1753-06-29, de Voltaire [François Marie Arouet] à Venerable council of Frankfurt am Main.

A Leurs Excellences,

Je supplie le vénérable Magistrat de considérer que les deux Lettres du Roi de Prusse au sieur Freytag, en datte du mois d'avril et may, portent en termes exprès de ne m'arrêter, qu'en cas que je refuse de rendre ce que sa Majesté redemande; or j'ai tout rendu avec la plus grande soumission; et le 18 juin le sieur Freytag m'a écrit que le Roi était content de ma résignation et de ma fidélité.

Comment donc puis-je être arrêté le 20 juin? comment puis-je être traité ainsi, non sur un ordre du Roi, mais sur un ordre que le sieur Freytag dit qu'il recevra peut-être du Roi?
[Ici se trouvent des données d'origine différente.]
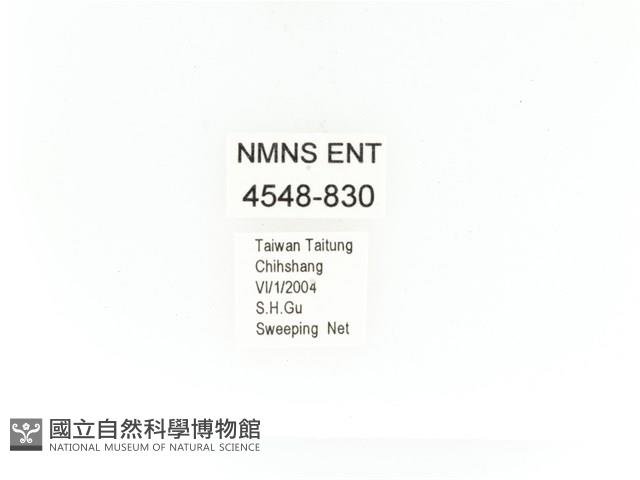 金艷騷金龜藏品圖，第2張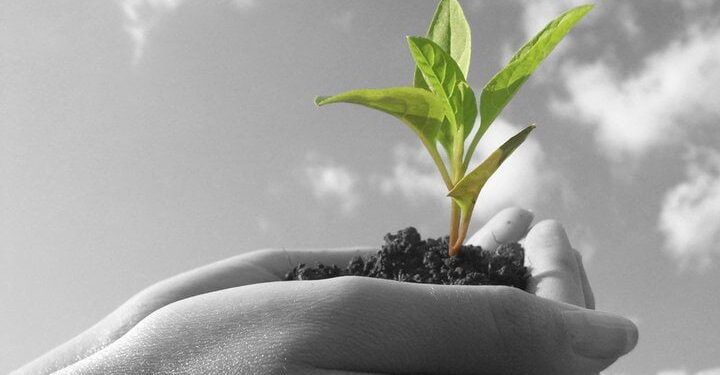 ५ जून जागतिक पर्यावरण दिनानिमित्त मराठी प्रतिष्ठान तर्फे वृक्षारोपण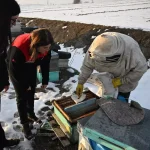 6 ŞUBAT DEPREMLERİNİN ÜÇÜNCÜ YILI – Depremde arılarını kaybeden arıcı, devlet desteğiyle üretimini sürdürdü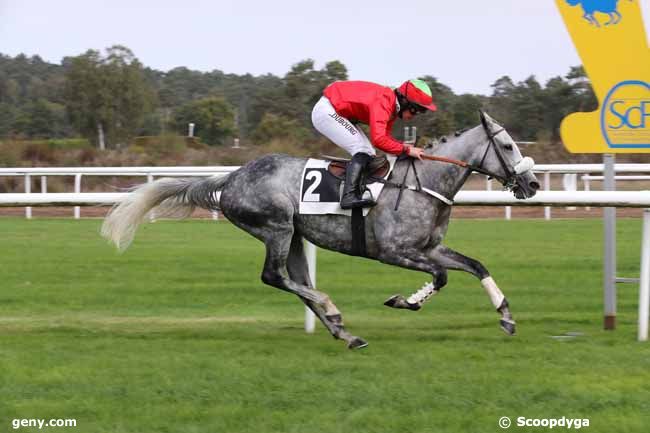 11/10/2022 - Fontainebleau - Prix de l'Ecole Militaire d'Equitation : Arrivée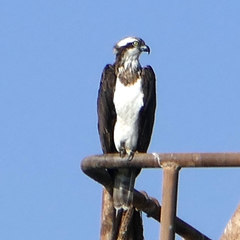 Pandion haliaetus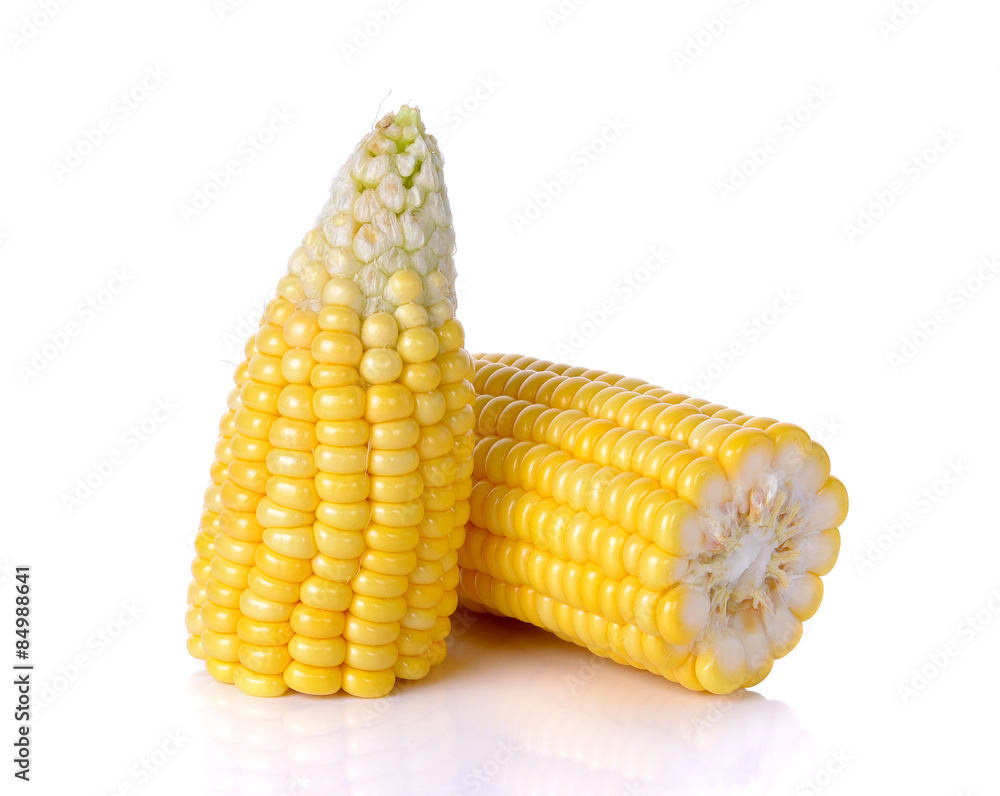 corn isolated on the white background corn isolated on the white background
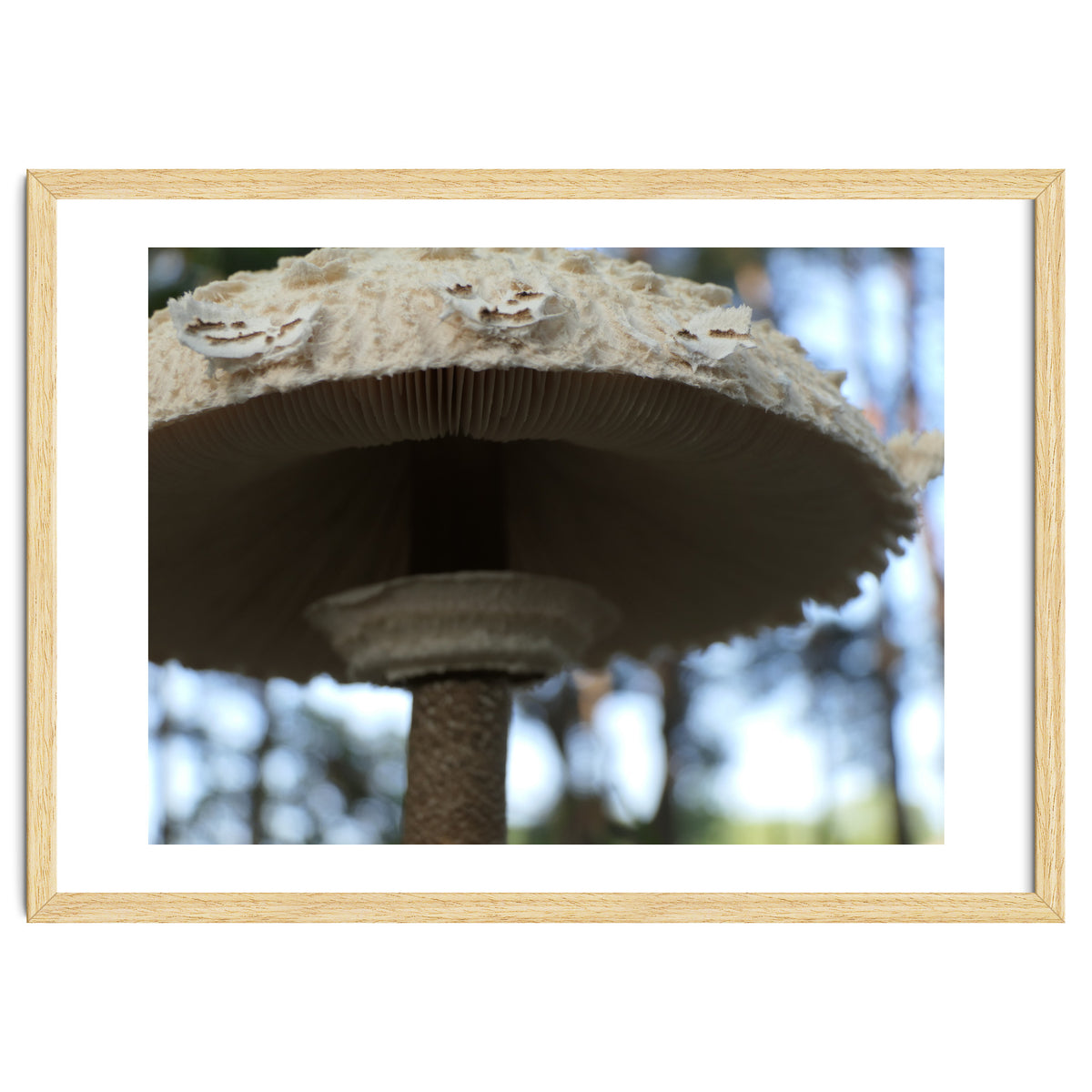 Shelter In The Woods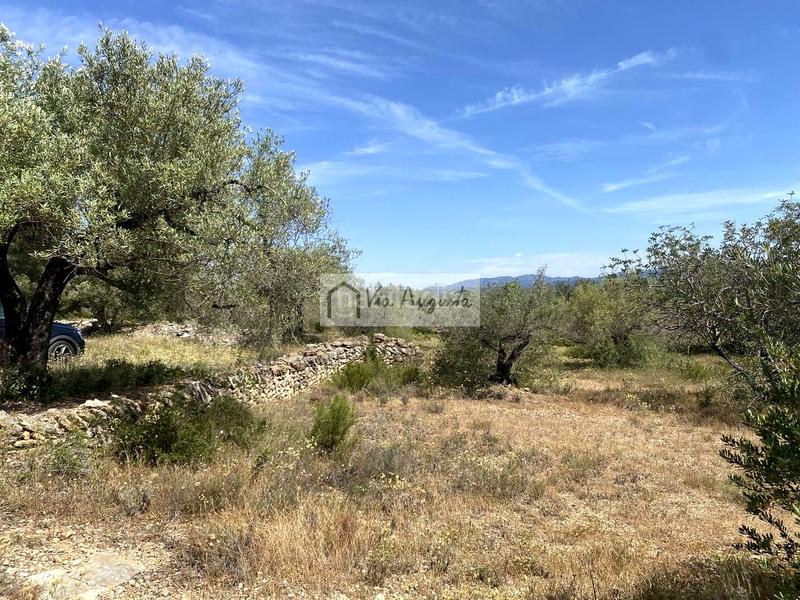 Foto a59c5b2e-e1c7-4fa9-b10c-84ffc4f08b96. Terreno residencial en Perelló (El)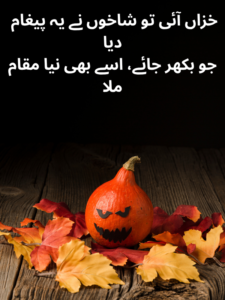 Autumn Season Poetry in Urdu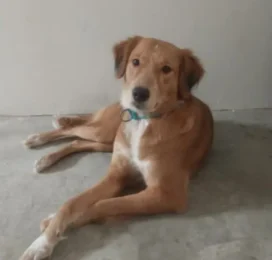 Perro Golden Retriever perdido en La Guaira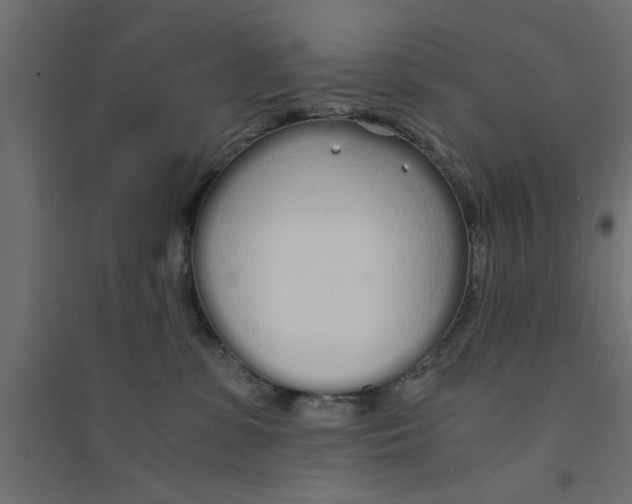 X0000094320331200711241812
Le sieur Freytag écrit le 21 juin qu'il aura cet ordre peut-être le 22; l'a-t-il reçu? non sans doute: nous sommes aujourdhui au 29. Je suis toujours gardé par des soldats dans une maison où je ne puis respirer.

Je déclare au Vénérable Magistrat, que ce traitement si dur préjudicie à ma santé, ainsi qu'à celle de ma nièce qui ne m'abandonnera pas.

Je supplie leurs Excellences de faire à sa Majesté Prussienne un prompt raport de tous les faits; et en attendant je les prie de me laisser prisonnier dans la ville sur mon serment, qui sera plus sûr que mes deux soldats: protestant d'ailleurs contre toutes les violences commises, et spécialement contre mon arrêt qui bien loin d'avoir été fait par ordre du Roi de Prusse, a été fait contre ses ordres.